Now consider the expression
\begin{align}
& 1^3 + 3^3 + ... + (2r + 1)^3 +(2r+3)^3 \\
& = \left( 1^3 + 3^3 + ... + (2r + 1)^3 \right) +(2r+3)^3 \\
& = (r+1)^2(2r^2 + 4r + 1) + (2r+3)^3 \quad \textrm{(using Eqn 1.)}
\end{align}
Expanding the parentheses, we get:
\begin{align}
& (r^2+2r+1)(2r^2 + 4r + 1) + (8r^3+36r^2+54r+27) \\
& = (r^2+2r+1)(2r^2 + 4r + 1) + (8r^3+36r^2+54r+27) \\
& = (2r^4+8r^3+11r^2+6r+1) + (8r^3+36r^2+54r+27) $$\\
& = 2r^4+16r^3+47r^2+60r+28 \quad \quad \textrm{...(Eqn 2)}
\end{align}
Now let $f(r) = 2r^4+16r^3+47r^2+60r+28 $
Since $f(-2) = 32 - 128 +188-120+28 =0$,
the factor theorem implies that $(r+2)$ is a factor of $f(r)$.
Therefore, $f(r) = (r+2) (2r^3+12r^2+23r+14)$.
Similarly, we note that if $p(r) = (2r^3+12r^2+23r+14)$, then $p(-2) = 0$.
Thus, $(2r^3+12r^2+23r+14) = (r+2) (2r^2+8r+7)$.

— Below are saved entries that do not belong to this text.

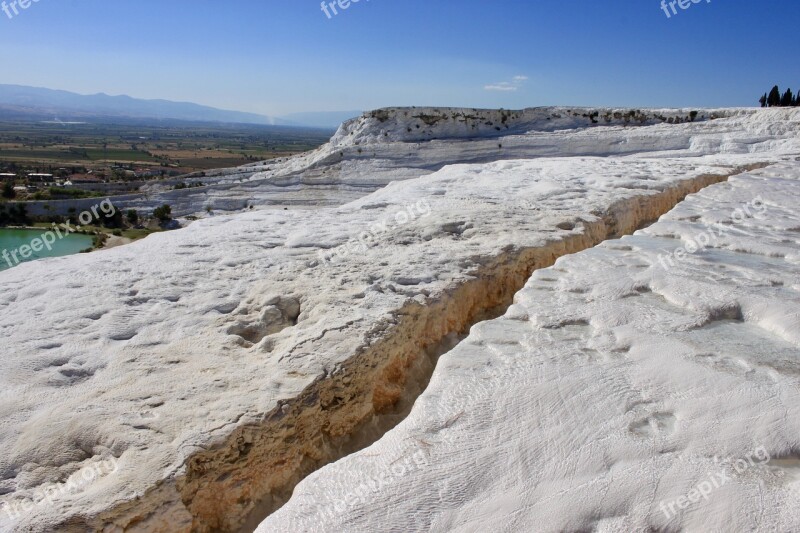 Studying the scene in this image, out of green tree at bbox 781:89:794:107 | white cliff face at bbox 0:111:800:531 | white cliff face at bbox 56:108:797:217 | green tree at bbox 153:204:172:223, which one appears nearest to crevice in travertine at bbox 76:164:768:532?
white cliff face at bbox 0:111:800:531

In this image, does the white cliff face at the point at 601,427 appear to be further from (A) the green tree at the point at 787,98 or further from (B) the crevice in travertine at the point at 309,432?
(A) the green tree at the point at 787,98

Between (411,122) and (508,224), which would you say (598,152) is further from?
(508,224)

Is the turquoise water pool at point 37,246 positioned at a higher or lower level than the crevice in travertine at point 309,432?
lower

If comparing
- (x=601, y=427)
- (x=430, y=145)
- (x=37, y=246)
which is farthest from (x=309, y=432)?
(x=37, y=246)

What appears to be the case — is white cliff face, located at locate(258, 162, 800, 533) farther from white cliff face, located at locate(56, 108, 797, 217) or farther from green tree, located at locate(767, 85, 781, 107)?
green tree, located at locate(767, 85, 781, 107)

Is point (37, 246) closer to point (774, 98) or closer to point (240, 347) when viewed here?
point (240, 347)

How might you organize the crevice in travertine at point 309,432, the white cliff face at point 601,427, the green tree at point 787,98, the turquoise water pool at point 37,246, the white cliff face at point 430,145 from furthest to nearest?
the green tree at point 787,98
the turquoise water pool at point 37,246
the white cliff face at point 430,145
the crevice in travertine at point 309,432
the white cliff face at point 601,427

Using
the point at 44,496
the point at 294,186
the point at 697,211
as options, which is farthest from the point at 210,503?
the point at 294,186

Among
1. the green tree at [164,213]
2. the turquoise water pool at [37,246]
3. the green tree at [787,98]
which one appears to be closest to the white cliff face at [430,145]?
the green tree at [164,213] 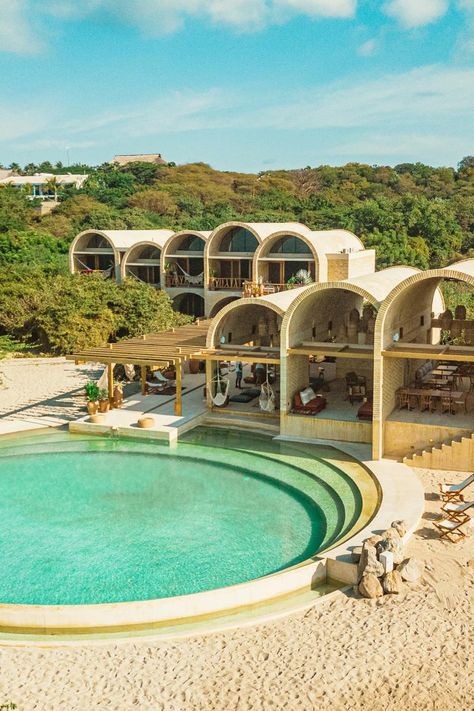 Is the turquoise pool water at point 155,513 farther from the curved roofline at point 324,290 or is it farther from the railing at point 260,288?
the railing at point 260,288

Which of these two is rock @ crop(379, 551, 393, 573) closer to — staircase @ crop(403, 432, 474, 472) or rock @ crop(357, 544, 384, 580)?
rock @ crop(357, 544, 384, 580)

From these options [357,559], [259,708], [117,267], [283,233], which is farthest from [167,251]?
[259,708]

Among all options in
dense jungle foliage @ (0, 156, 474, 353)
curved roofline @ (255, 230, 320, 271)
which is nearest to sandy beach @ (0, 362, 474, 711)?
dense jungle foliage @ (0, 156, 474, 353)

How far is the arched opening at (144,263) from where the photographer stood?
42.2 metres

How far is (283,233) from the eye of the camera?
3616 cm

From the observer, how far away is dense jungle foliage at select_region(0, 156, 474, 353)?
35.4m

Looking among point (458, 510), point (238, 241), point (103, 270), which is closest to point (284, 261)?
point (238, 241)

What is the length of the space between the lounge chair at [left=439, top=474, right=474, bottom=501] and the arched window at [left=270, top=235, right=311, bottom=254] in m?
21.5

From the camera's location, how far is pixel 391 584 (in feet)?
41.7

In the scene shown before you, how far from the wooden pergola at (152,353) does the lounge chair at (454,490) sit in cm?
929

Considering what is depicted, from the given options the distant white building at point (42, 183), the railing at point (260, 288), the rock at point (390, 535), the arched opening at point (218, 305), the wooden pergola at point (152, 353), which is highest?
the distant white building at point (42, 183)

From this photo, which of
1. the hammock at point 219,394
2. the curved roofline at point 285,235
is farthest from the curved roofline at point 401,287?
the curved roofline at point 285,235

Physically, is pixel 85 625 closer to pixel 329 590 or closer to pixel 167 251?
pixel 329 590

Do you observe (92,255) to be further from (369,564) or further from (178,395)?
(369,564) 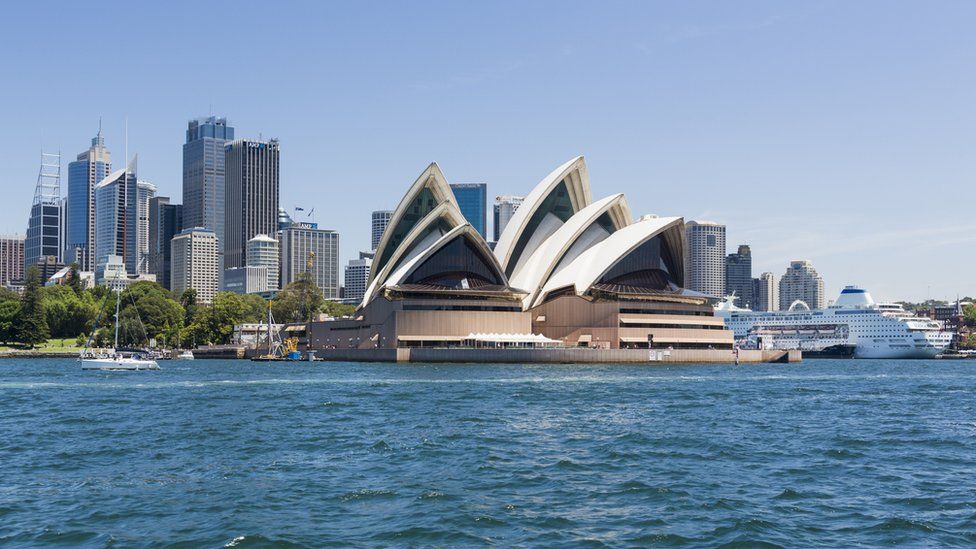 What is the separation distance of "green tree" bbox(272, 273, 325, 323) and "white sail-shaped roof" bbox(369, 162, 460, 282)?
121 ft

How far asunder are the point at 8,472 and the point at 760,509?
16.6 m

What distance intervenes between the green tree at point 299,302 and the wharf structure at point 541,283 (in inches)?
1374

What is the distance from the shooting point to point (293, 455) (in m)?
25.1

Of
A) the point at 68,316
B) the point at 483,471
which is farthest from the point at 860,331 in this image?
the point at 483,471

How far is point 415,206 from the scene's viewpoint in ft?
339

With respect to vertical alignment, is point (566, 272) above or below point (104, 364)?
above

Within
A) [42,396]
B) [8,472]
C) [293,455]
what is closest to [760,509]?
[293,455]

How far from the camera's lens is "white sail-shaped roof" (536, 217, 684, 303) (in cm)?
9788

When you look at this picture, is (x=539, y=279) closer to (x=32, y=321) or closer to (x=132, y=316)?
(x=132, y=316)

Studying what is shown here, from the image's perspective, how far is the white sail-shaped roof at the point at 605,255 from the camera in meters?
97.9

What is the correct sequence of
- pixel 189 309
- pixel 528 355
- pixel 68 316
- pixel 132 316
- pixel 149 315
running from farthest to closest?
pixel 189 309 < pixel 149 315 < pixel 68 316 < pixel 132 316 < pixel 528 355

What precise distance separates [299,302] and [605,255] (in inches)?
2419

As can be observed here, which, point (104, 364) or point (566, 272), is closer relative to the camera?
point (104, 364)

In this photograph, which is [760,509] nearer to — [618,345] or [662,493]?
[662,493]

Therefore considering Eqn 2 again,
\begin{align}
& 2r^4+16r^3+47r^2+60r+28 = (r+2)^2(2r^2+8r+7) \\
& = (r+2)^2(2r^2+4r+2 + 4r+4 +1 ) \\
& = (r+2)^2(2r^2+4r+2 + 4r+4 +1 ) \\
& = \left( \overline{r+1}+1 \right)^2 \left( 2\overline{r+1}^2 + 4 \overline{r+1} +1 \right) \\
& = \textrm{rhs}
\end{align}
Note
This expression for the sum of odd cubes is slightly unconventional, is this refers to the sum of the first $(n+1)$ cubes. This does not change the induction proof, but readers should be careful when comparing this formula to others that they may find in math books and on the internet, which usually simply gives the formula for the first $n$ odd cubes.